Founded in 1993, Red Hat specializes in Linux operating systems, the most popular type of open-source software and an alternative to proprietary software made by Microsoft. IBM has faced years of revenue declines as it transitions from its legacy computer hardware business into new technology products and services.

IBM’s cloud revenue has increased from 4 percent of total revenue in 2013 to 25 percent today. IBM cloud revenue for the 12-month period through the first quarter of this year grew to over $19 billion.

The Red Hat acquisition is expected to contribute approximately two points of compound annual revenue growth to IBM over a five-year period.

Frank Gens, chief analyst at IDC, said: “With the acquisition of Red Hat, and IBM’s commitment to Red Hat’s independence, IBM is well positioned to help enterprises differentiate themselves in their industry by capitalizing on open source in this emerging hybrid and multi-cloud world.”

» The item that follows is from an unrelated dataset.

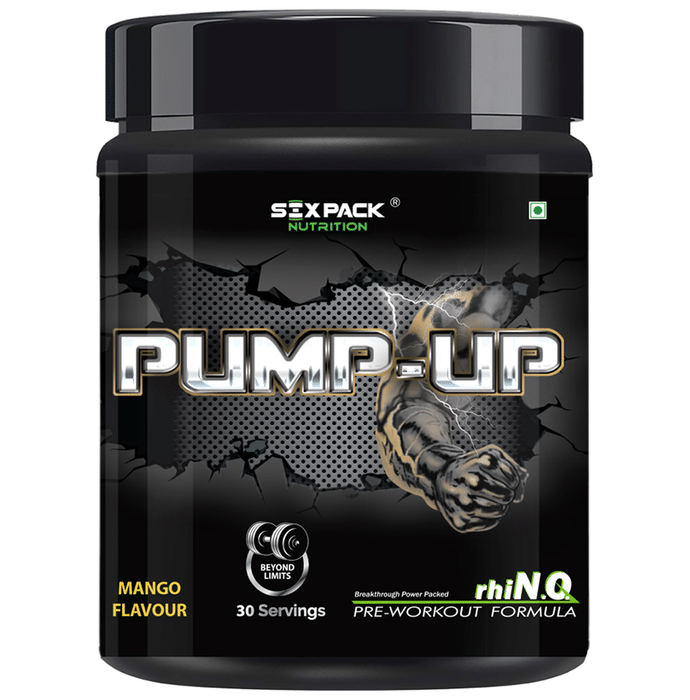 Sixpack Nutrition Pump-Up Pre-Workout Formula Mango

Red Hat posted revenue of $3.4 billion (+15 percent) in fiscal year 2019 and $934 million (+15 percent) in fiscal first quarter 2020. Red Hat’s subscription revenue rose 15 percent, revenue from application development-related and other emerging technology offerings grew 24 percent and services revenue increased 17 percent in fiscal first quarter 2020.

Red Hat CEO Jim Whitehurst and his management team will remain in place. Jim Whitehurst will join IBM’s senior management team and report to Rometty.

IBM will maintain Red Hat’s headquarters in Raleigh, North Carolina, its facilities, brands and practices and said it operate as a distinct unit within IBM.

The companies said IBM and Red Hat will offer hybrid multicloud platform that will be based on open source technologies, such as Linux and Kubernetes.

IBM’s cloud strategy has focused on helping companies stitch together multiple cloud platforms rather than compete head on with hyperscale cloud providers such as Amazon Web Services, Microsoft and Google.

IBM said Red Hat will continue to build and expand its partnerships, including those with major cloud providers, such as Amazon Web Services, Microsoft Azure, Google Cloud and Alibaba.

Since 2013, IBM’s cloud revenue as a percentage of total revenue has grown six-fold to 25 percent. In the 12 months through the first quarter of 2019, cloud revenue exceeded $19 billion.

IBM said Red Hat is expected to contribute approximately two points of compound annual revenue growth over a five-year period.